Recently captured pictures of the Moon by astrophotographers will definitely make you crazy
Two astrophotographers have just released what they claim is “the most insanely detailed picture” of the Moon, the product of a two-year, neck-craning endeavor that took over 200,000 frames.
For millennia, humans have looked up and seen the same silver orb traversing the night sky – but never quite like this. As space photography enthusiast Andrew McCarthy says of his collaboration with planetary scientist Connor Matherne, “behold” this stunning image:
While looking at this 174-megapixel beauty, you can see the Moon, which is colored red and gunmetal blue and is lighted on the right side as it faces Earth.

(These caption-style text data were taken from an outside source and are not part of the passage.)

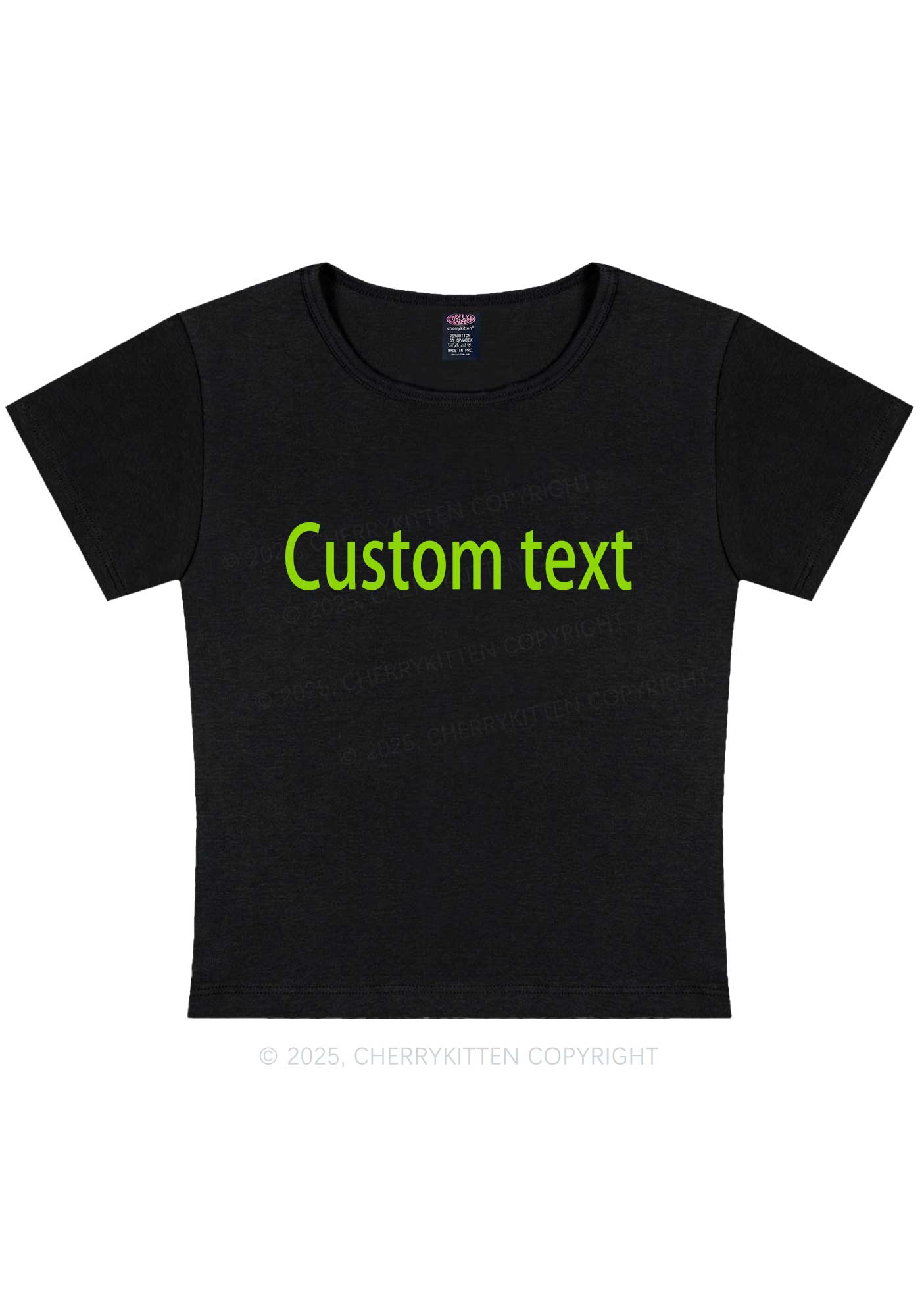 Custom Brat Text Y2K Baby Tee Cherrykitten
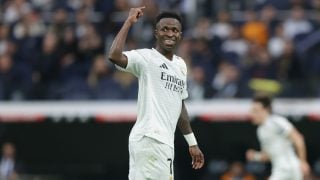 Vinicius celebra un gol con el Real Madrid. (Getty)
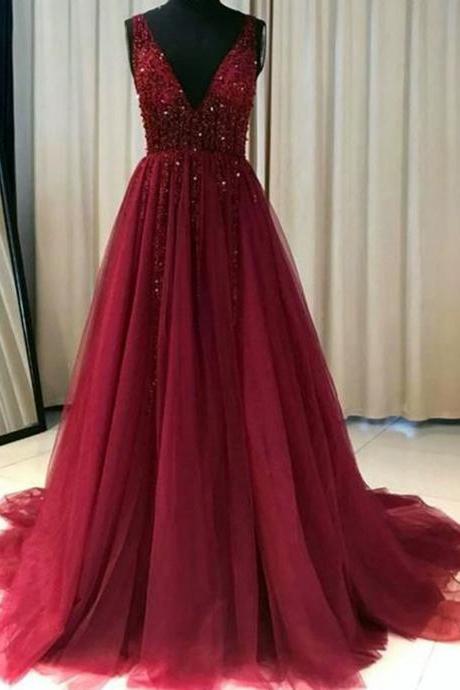 Women A-line/princess Prom Dresses Long V-neck Evening Party Gowns Sleeveless Formal Dress Yp076
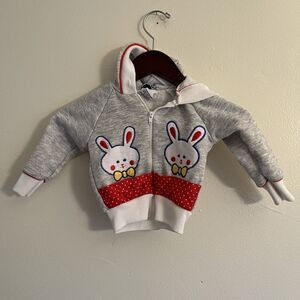 Vintage 80s Doe Spun Bunny Easter Embroidered Zip Up Hoodie- Size 6/9 M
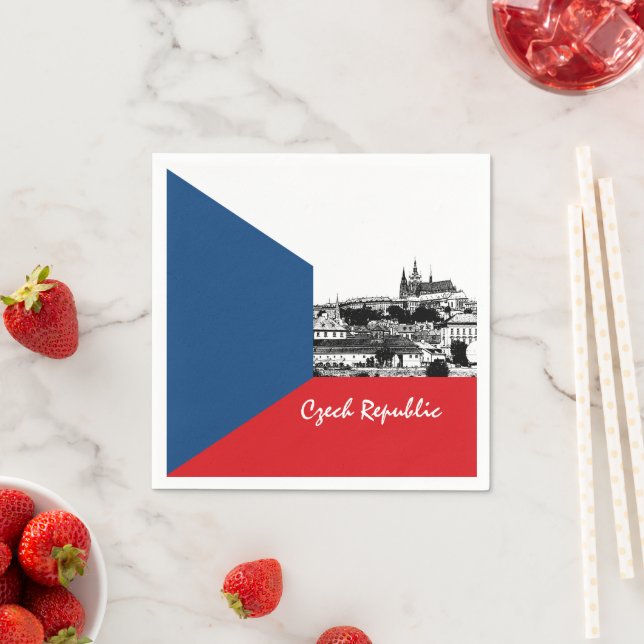 Prag und tschechische Flagge - historisches Tschec Serviette (Beispiel)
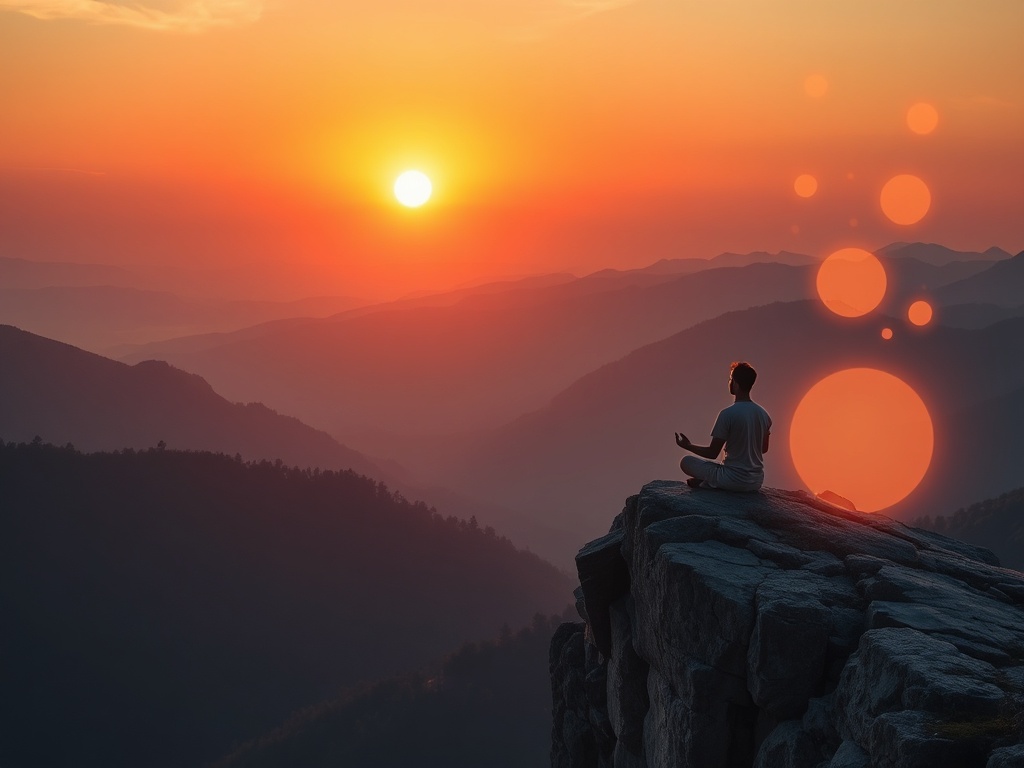 "serene sunrise" over "mountain landscape," "person meditating" on "rocky cliff," surrounded by "glowing light" and "floating abstract shapes" symbolizing growth and transformation.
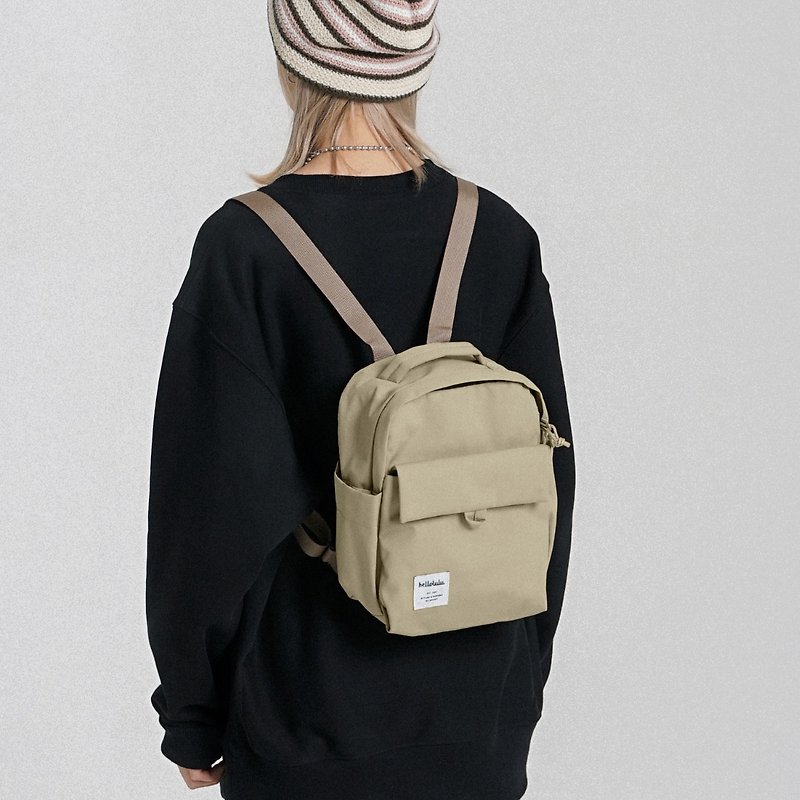 CARTER JR. ECO Mini Daypack, Cute Small Backpack Purse Phone Bag (Fog Khaki) - กระเป๋าเป้สะพายหลัง - วัสดุอีโค สีกากี
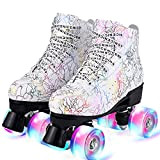 Patins à roulettes pour Femmes et Hommes,Roller Chaussure Quad Classiques avec Roues LED Allumées en PU pour Patins A roulettes,Roller ...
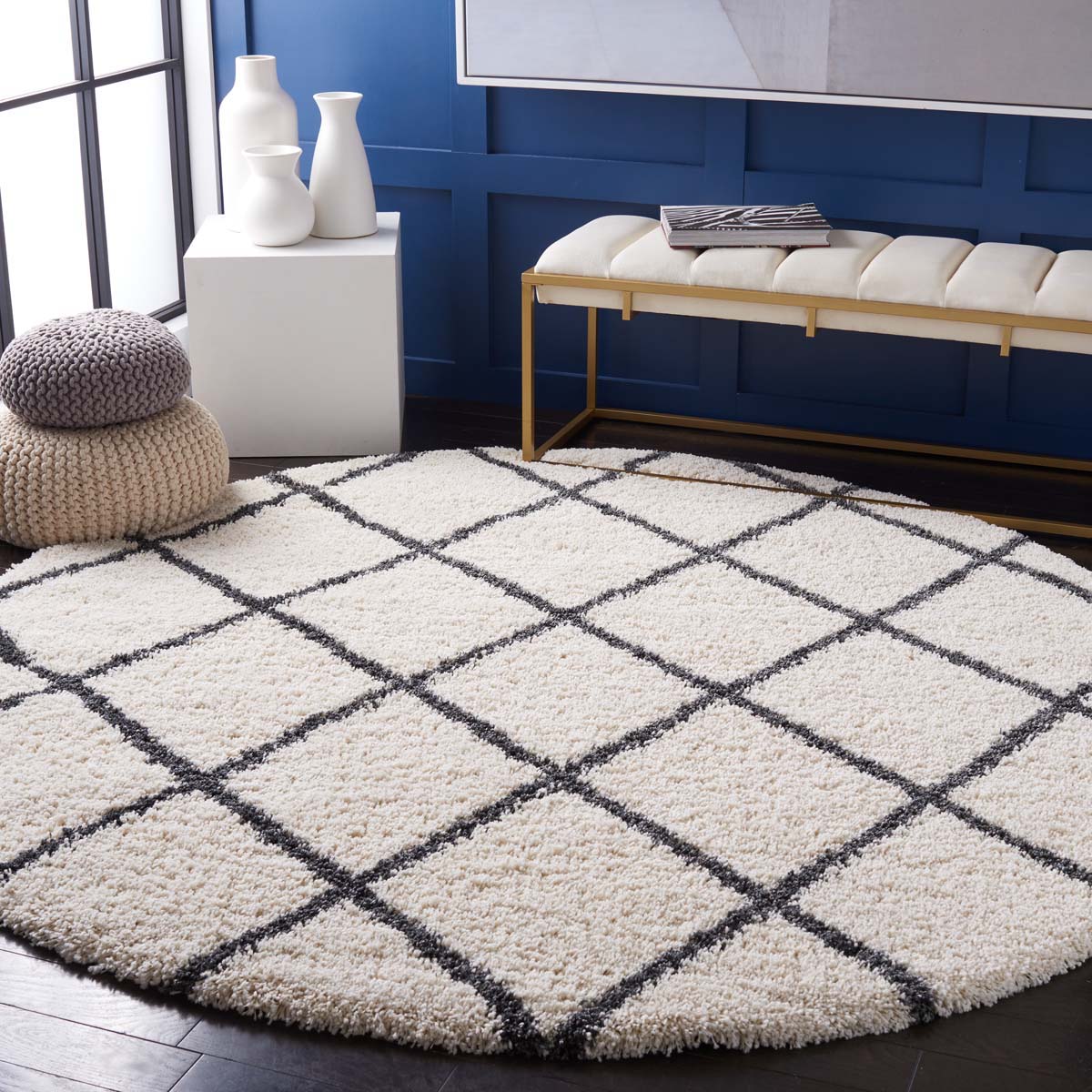 Safavieh Hudson Shag 222 Rug, SGH222 - Ivory / Dark Grey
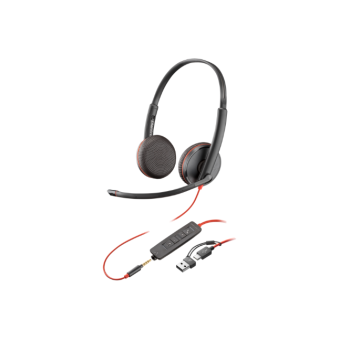 Casti HP Poly Blackwire 3225 Stereo USB-C Headset +3.5mm Plug +USB-C/A Adapter 8X229AA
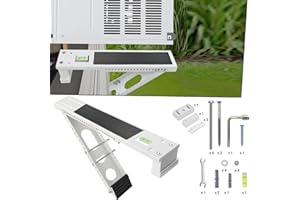 GULREAR Window Air Conditioner Support Bracket,Adjustable Anti-slip shock-absorbing mat Window AC Safe Support Bracket Installs From Inside the House Built-in bubble level window AC Mount Bracket up to 85 lbs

McCarthy stated on Twitter that the red areas are iron and feldspar oxidized by wayward oxygen atoms from Earth.
Though the colors appear to be artificial, they are technically the Moon’s genuine hues; our eyes are simply not sensitive enough to see them, so McCarthy enhanced the image with saturation to bring out the colors in all their splendor.
McCarthy’s expertise is detailed photography, which he uses to record every nook, crook, and crater on the lunar surface. Matherne, a planetary scientist and deep space photographer based in Louisiana, is also responsible for the color.
The masterpiece was created using over 200,000 photos collected over the course of a single evening and piled together.